Think about the men in your life. Your father. Your brother. Your friends. According to some of the most cited reproductive health studies ever published, they may have significantly lower sperm counts than their grandfathers did at the same age. But before you panic the science on this is more complicated than the headlines suggest.

The Alarm: The Numbers Are Hard to Ignore

In 2017 a landmark meta analysis published in Human Reproduction Update analyzed data from 185 studies across 50 years and found that sperm counts in men from Western countries had dropped by 52.4% between 1973 and 2011. Then in 2023 the same research group updated their analysis to include non Western countries across Asia, Africa, and South America. The decline was global. And the data suggested it was accelerating. Lead researcher Dr. Hagai Levine described the situation as a potential “crisis” for global reproductive health. (Levine et al., Human Reproduction Update, 2017; Levine et al., Human Reproduction Update, 2023)

The Other Side: Not Everyone Is Convinced

The sperm counting methods used in studies from the 1940s through 1970s were fundamentally different from the standardised techniques used today. The World Health Organisation did not publish its first universal laboratory manual for semen analysis until 1980. Before that methods varied wildly between labs and countries meaning the same sperm sample could produce very different numbers depending on where it was analysed.

Professor Allan Pacey a leading fertility scientist at the University of Sheffield has publicly argued that comparing pre 1980 sperm counts to modern ones is scientifically problematic. He describes the retrospective meta analysis approach as inherently flawed because it combines data from incompatible methodologies and draws a trend line across them. Supporting this a 2023 meta-analysis published in Andrology found no meaningful change in sperm rates in Western European countries and the United States between 1993 and 2018 looking only at data collected under standardised modern methods.

So What Is the Truth?

It sits somewhere in the middle. Dr. Levine’s team argues they accounted for methodological differences in their statistical analysis and that the decline persists even within the post 1980 standardised era. Most independent researchers agree there has likely been some real decline in sperm quality but whether it is as dramatic as 50% remains genuinely opposed among serious scientists. What is not debated is that modern lifestyle factors are putting male reproductive health under real pressure. And that is worth paying attention to regardless of where you land on the numbers.

So What Is Causing It?

This is where it gets uncomfortable because the causes are sitting right there in your daily life.

  1. Plastics and endocrine disruptors

    The plastic bottle you drink from. The food container you heat in the microwave. The receipt the cashier hands you. All of these contain chemicals called endocrine disruptors compounds that mimic or interfere with your hormones. The most studied of these are bisphenol A known as BPA and phthalates.
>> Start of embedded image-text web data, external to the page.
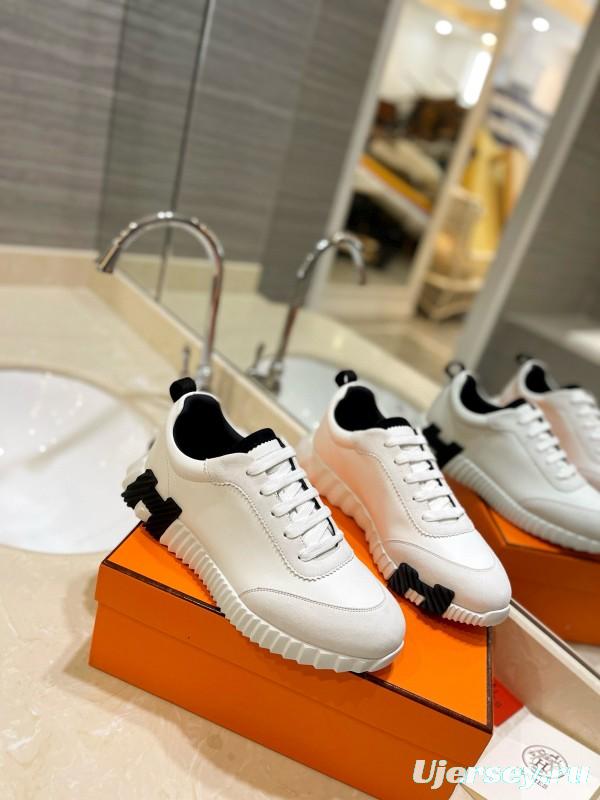 2024 Unisex Hermès White Black Silk Lambskin Rain Cloth Casual Sneakers MJ00320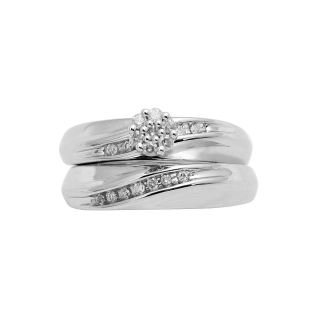 1/5 ct. t.w. Diamond Wedding Band set, White, Womens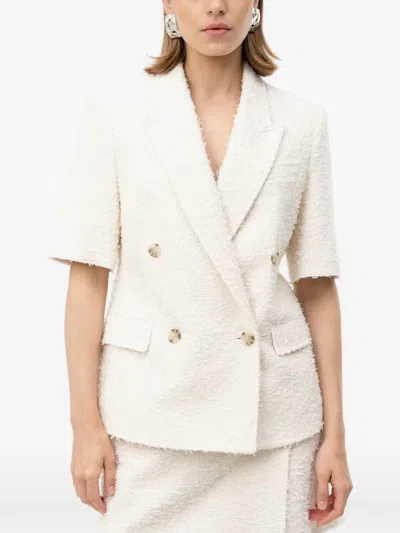 Hugo Boss Double-breasted Tweed Jacket In White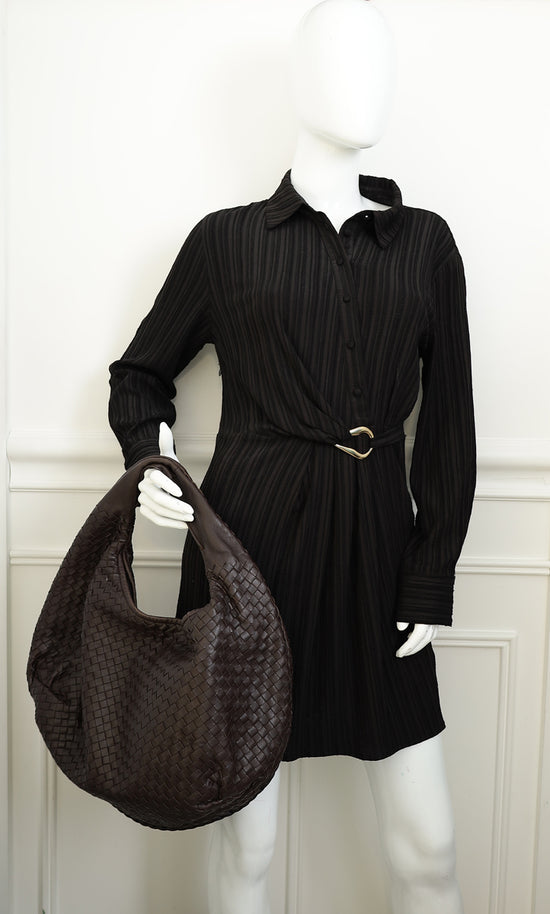 Bottega Veneta Chocolate Brown Intrecciato Hobo Large Bag
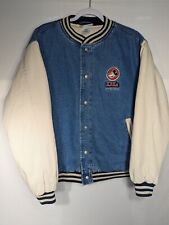Vintage Disneyland Mickey Mouse Denim Jacket Quilted Varsity Jacket Bomber XL picture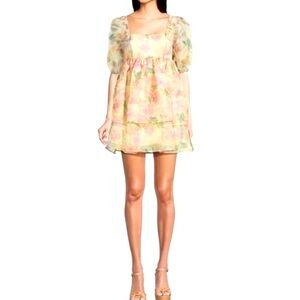 CV Chelsea Violet Organza Short Puff Sleeve Babydoll Dress Rose Bloom NWOT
    Research published in Frontiers in Public Health found that BPA and DEHP both plastic derived compounds are detectable in the urine of the majority of men tested. And both negatively impact sperm quality including count, motility and morphology. (Frontiers in Public Health, 2023; PMC, 2021)


    A separate study found that exposure to a mixture of BPA and phthalates during critical windows of development can cause reproductive disease not just in the exposed individual but in subsequent generations meaning the damage done by plastics today could affect the sperm quality of your children and grandchildren. (Manikkam et al., PLOS ONE, 2013)

  2. Heat, phones, and sedentary lifestyle

    Sperm production is highly sensitive to temperature. The reason the testicles sit outside the body is precisely because sperm require a temperature slightly below core body temperature to develop properly. Sitting for prolonged periods, keeping a laptop on your lap or carrying your phone in your trouser pocket for hours every day raises scrotal temperature enough to measurably impair sperm production. This is not theoretical it is documented across multiple studies. (PMC Decrease in Sperm Parameters, 2024)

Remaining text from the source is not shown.